On the hottest day of the year, five thousand people made the questionable decision to gather inside a packed concert hall with no air conditioning and spend two hours singing, dancing and sweating. The reason was simple: The Who were in town.
The evening had already acquired a slightly bittersweet quality before a single note had been played. Originally scheduled as two sold-out performances, the band's Paris visit was reduced to a single date after one show was cancelled to accommodate an appearance at Glastonbury. The result was a capacity crowd squeezed into one increasingly sweltering venue. Conditions became so extreme that the large door behind the stage remained open throughout the entire performance in a desperate attempt to circulate some air. Having attended dozens of concerts in this room over the years, this was the first time I had ever seen it happen.
The show itself began with a surprise. Rather than opening with the customary "I Can't Explain," The Who launched directly into "Who Are You." It worked well enough as an opener, but the omission of their first single was difficult not to notice. Thankfully, that was the evening's only real disappointment.

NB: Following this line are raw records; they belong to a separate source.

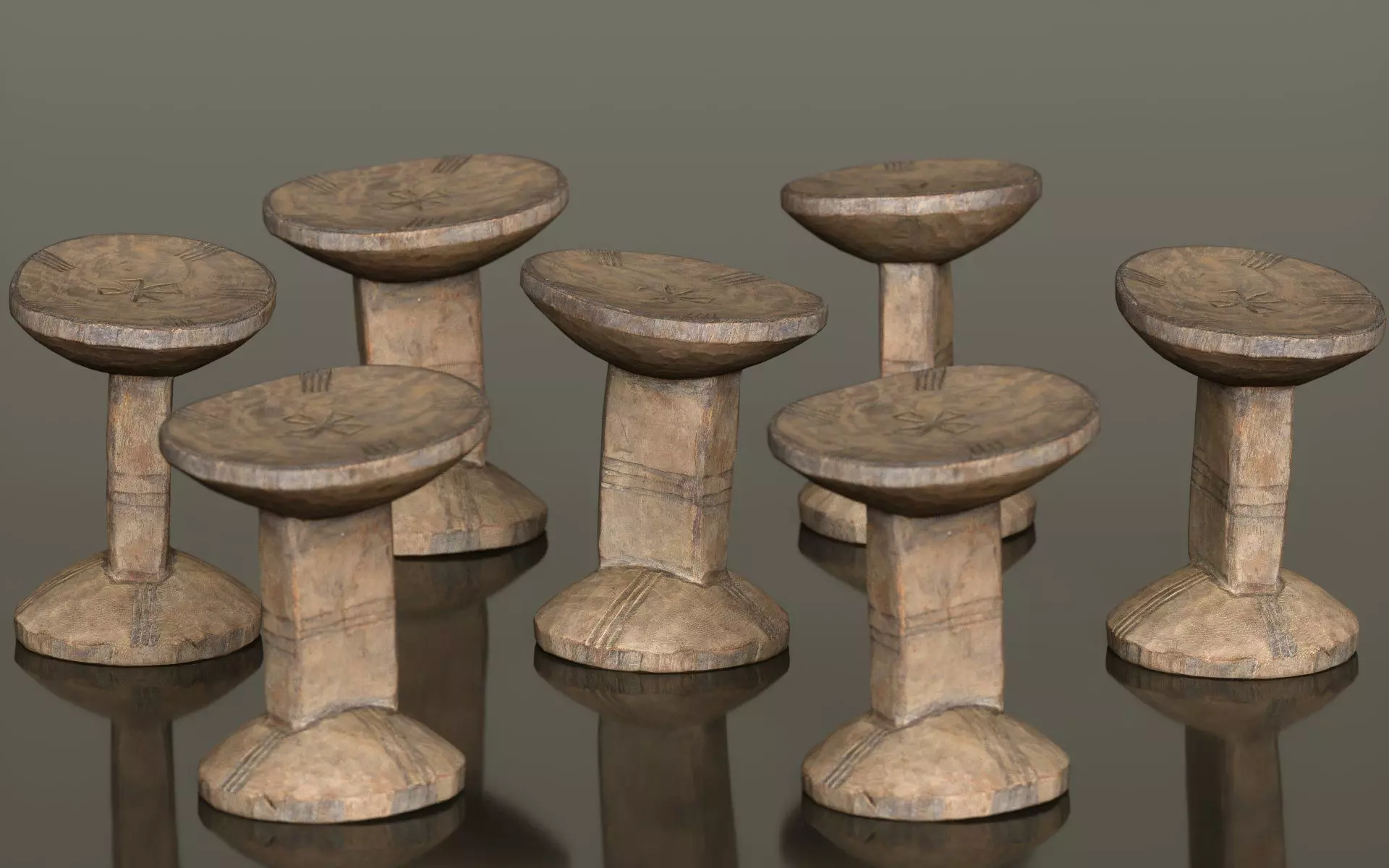 Headrest Africa Wood Furniture Prop 22 Low-poly 3D model_0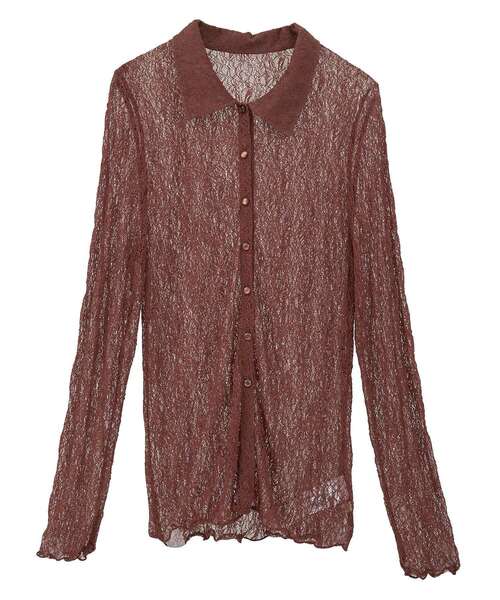 earth music&ecology（アースミュージックアンドエコロジー）の「ストレッチレースシャツ（シャツ/ブラウス・レディース・アイボリー/ブラウン/ブラック・FREE）」の21枚目の写真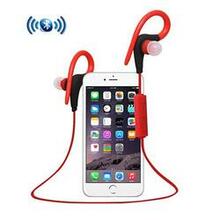 Bluetooth Headphone With Secure Ear Hook And Remote - Color: Red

What followed was a reminder of why this repertoire has endured for more than half a century. The setlist largely avoided deep cuts, unless one chooses to count "The Seeker," which remains something of an outlier in the catalogue due to its non-album origins. Instead, the band concentrated on the songs that built its reputation, performed with confidence, conviction and a professionalism born from decades of experience.
Comparisons with the ferocious live recordings of the early seventies are inevitable, but they are also somewhat beside the point. This is not the band that recorded Live at Leeds. Keith Moon and John Entwistle have been gone for decades and time has inevitably transformed both the musicians and the music. Yet reducing today's Who to a nostalgic shadow of its former self misses what makes these performances worthwhile. Roger Daltrey and Pete Townshend remain the custodians of one of rock music's greatest catalogues, and they continue to present it with remarkable commitment.
By the end of the evening, the audience had long since forgotten the heat, the cancelled show and the lack of ventilation. What remained were the songs. In the end, that has always been The Who's greatest strength. Not mythology, not nostalgia, not comparisons with past glories. Just an extraordinary collection of songs, still capable of filling a room and making five thousand people forget their discomfort for a couple of hours.